Hi, thought I would ask for some pointers. I have a question, I have a grouped data set with 7 columns, and in one column of data there is a variable that returns differing values, and I need to find the 5 most common product numbers in that column. I need to split of all seven columns just with those 5 most common product numbers, but the other columns would be in there, just the rows containing non-most common would not be in there.
I then need to get the data organized so that just observations from that set are used.
Thanks in advance.
To help us help you, could you please prepare a reproducible example (reprex) illustrating your issue? Please have a look at this guide, to see how to create one:
In case you prefer to learn how to do this sort of thing by yourself, here is a valuable resource.

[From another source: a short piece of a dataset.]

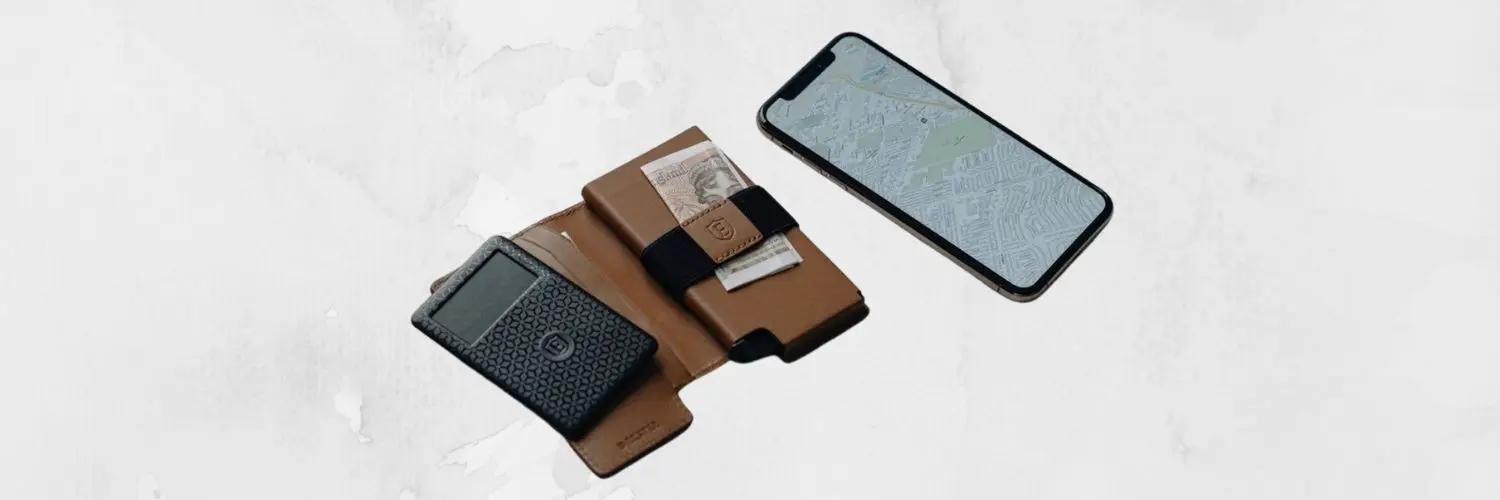 Ekster Wallet Review The Best Smart Wallet on the Market? ClothedUp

From the replies I got I was able to improve my code for top 1 MostCommon. Should be possible for you to change to top N
MostCommon <- function(x) {
ux <- unique(x)
uxnotna <- ux[which(!is.na(ux))]
if(length(uxnotna) > 0) {
tab <- tabulate(match(x, uxnotna))
candidates = uxnotna[tab == max(tab)]
if (class(x)[1] == "logical") {
any(candidates) # return TRUE if any true. max returns an integer
} else {
max(candidates) # return highest (ie max) value
}
} else {
ux # this returns the NA with the right class. ie that of x
}
}
library(tidyverse)
#make up data
set.seed(42)
(exdf <- tibble(
prods=c(sample(letters[1:26],size=100,replace = TRUE),
sample(letters[c(4,5,12,25,26)],size=100,replace = TRUE)),
s1 = sample.int(100,size=200,replace=TRUE),
s2 = sample.int(100,size=200,replace=TRUE),
s3 = sample.int(100,size=200,replace=TRUE),
s4 = sample.int(100,size=200,replace=TRUE)
))
# detect the 5 most common
(top_5_prods_df <- count(exdf,prods) %>% arrange(desc(n)) %>% head(n=5))
# go back to original data and only keep the rows for these 5
(result_df <- filter(exdf,
prods %in% top_5_prods_df$prods))
#check
table(result_df$prods)